I love the Tactics Ogre PSP and Fire Emblem Echoes approach: Suspend anywhere on the tactical map and save anywhere on the strategic map. The suspend anywhere is compensated by granting you a number or rewinds, so that one mistake does not force you to replay, solving one of the problems with tactics games in that the battles can be long and the refight tedious, but too many mistakes indeed spend your rewinds and indeed force you to think again at your force composition.

lol

u guys talkin bout this like Grimiore a game and Cleve a person

lol

It’s Fallout fan fiction. A “wasteland,” sheesh.

And to complete the usenet nostalgia effect that a Grimoire thread induces, the thread has now digressed into a save anywhere argument.

Ideally, Tom would have changed the name of the forums to CSIPGS for a day on release.

Arguments that boil down to “you can just choose not to use _____” can be applied just as well to a button on the interface that instantly defeats every enemy in sight. Would you want that to be added to every game?

I see poorly thought-out save-anywhere approaches as another manifestation of Soren Johnson’s “water finds a crack” theory:

A phrase we used on the Civilization development team to describe this phenomenon is that “water finds a crack” – meaning that any hole a player can possibly find in the game’s design will be inevitably abused over and over. The greatest danger is that once a player discovers such an exploit, she will never be able to play the game again without using it – the knowledge cannot be ignored or forgotten, even if the player wishes otherwise.
Civilization 3 provides a simple example with “lumberjacking” – the practice of farming forests for infinite production. Chopping down a forest gives 10 hammers to the nearest city. However, forests can also be replanted once the appropriate tech is discovered.
This set of rules encourages players to have a worker planting a forest and chopping it down on every tile within their empire in order to create an endless supply of hammers. However, the process itself is tedious and mind-numbing, killing the fun for players who wanted to play optimally.

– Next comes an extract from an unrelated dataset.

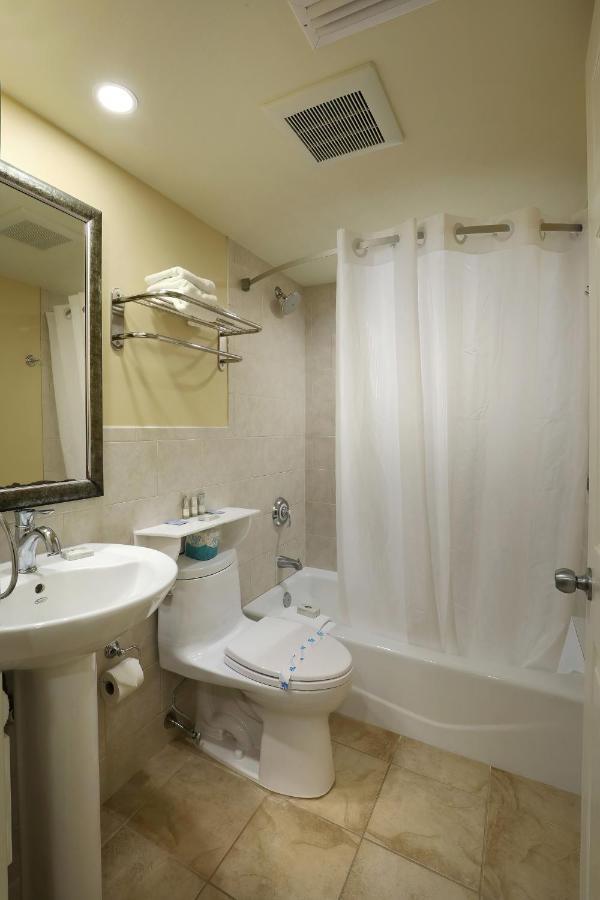 Fleur De Lis Beach Motel 3*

Similarly, when you can save anywhere, you should save everywhere if you’re trying to play optimally. Otherwise, you’re giving up a powerful tool and making the game harder in proportion to how infrequently you save. It’s no different than deciding to only use the starting weapon, or deciding not to pick up any medkits.

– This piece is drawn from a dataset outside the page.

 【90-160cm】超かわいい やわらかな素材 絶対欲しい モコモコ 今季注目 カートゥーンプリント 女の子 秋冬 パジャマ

I don’t want to have to balance the game on the fly by deciding how far apart my saves should be – I want to use all the tools the designer has given me to the best of my ability to overcome challenges.

I couldn’t imagine using it, but I don’t see where it causes a negative experience (aside from a slightly more cluttered UI).

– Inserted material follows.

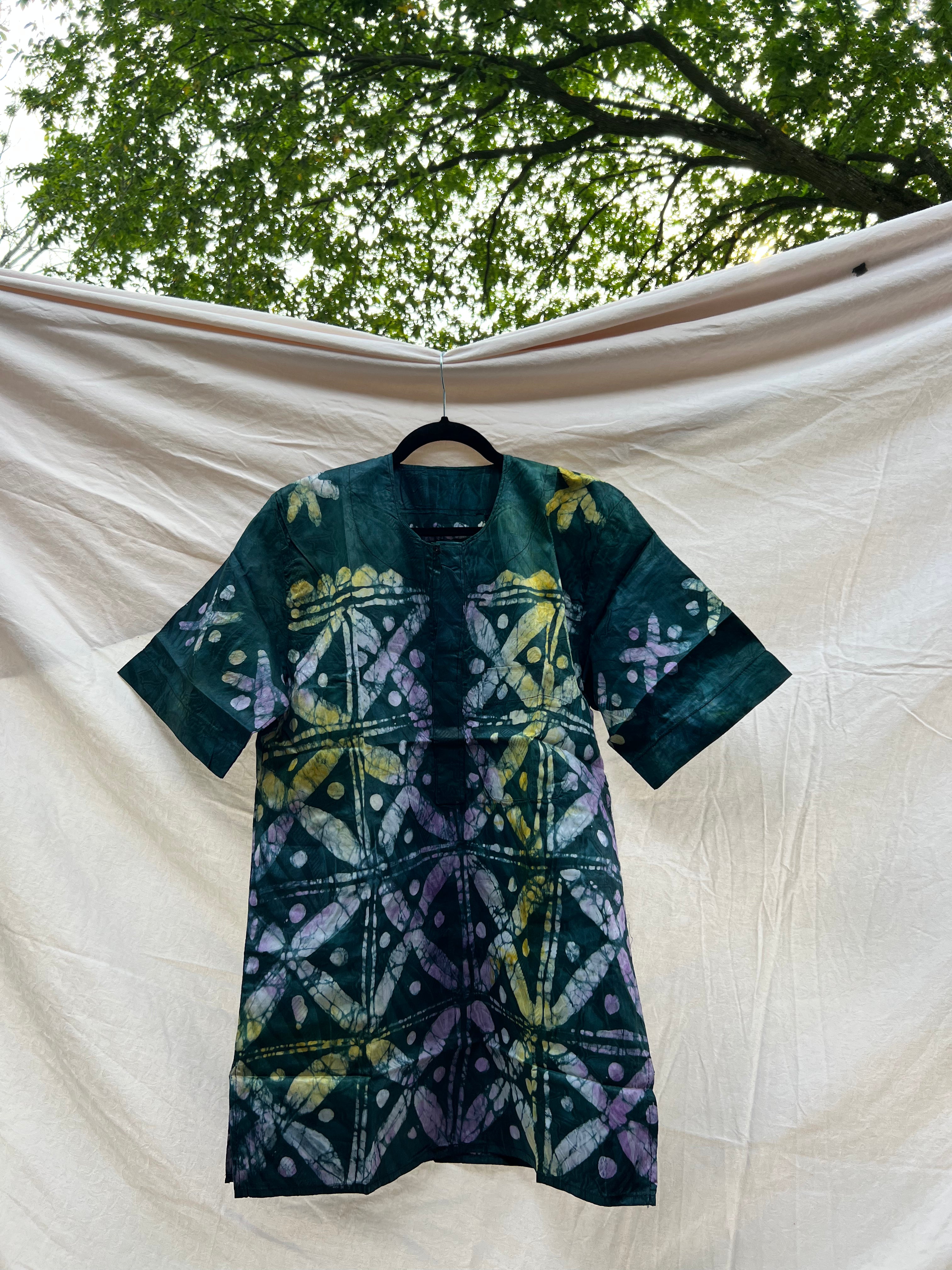 Yeye’s Indigo Unisex Top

John Walker at RPS would love that feature!

If someone is so OCD that they will deliberately ruin their own fun to achieve “optimal” gameplay, I say let them. You can’t satisfy the needs of everyone, so the best you can do is aim to satisfy most people. And most people don’t obsessively save-scum.

Yeah, actually, that was a poor analogy on my part. I wouldn’t object to an explicit cheat option being more standard as a way to say “I’m not having fun here, and I’m going to step outside of the designer’s intended experience for this part of the game and move on to the next thing.”

The problem with save-anywhere is that to all appearances it is part of the intended flow of the game, so it’s more pernicious.

Oh hell yes! Or even better, a setting that just never spawns any enemies to begin with! I was playing Lego Avengers with my son over the weekend and just wanted to knock down and build up other structures and the game just did not stop throwing enemies at us the whole time, got seriously old. If Steam could make a baseline function that flipped enemies off I’d be down.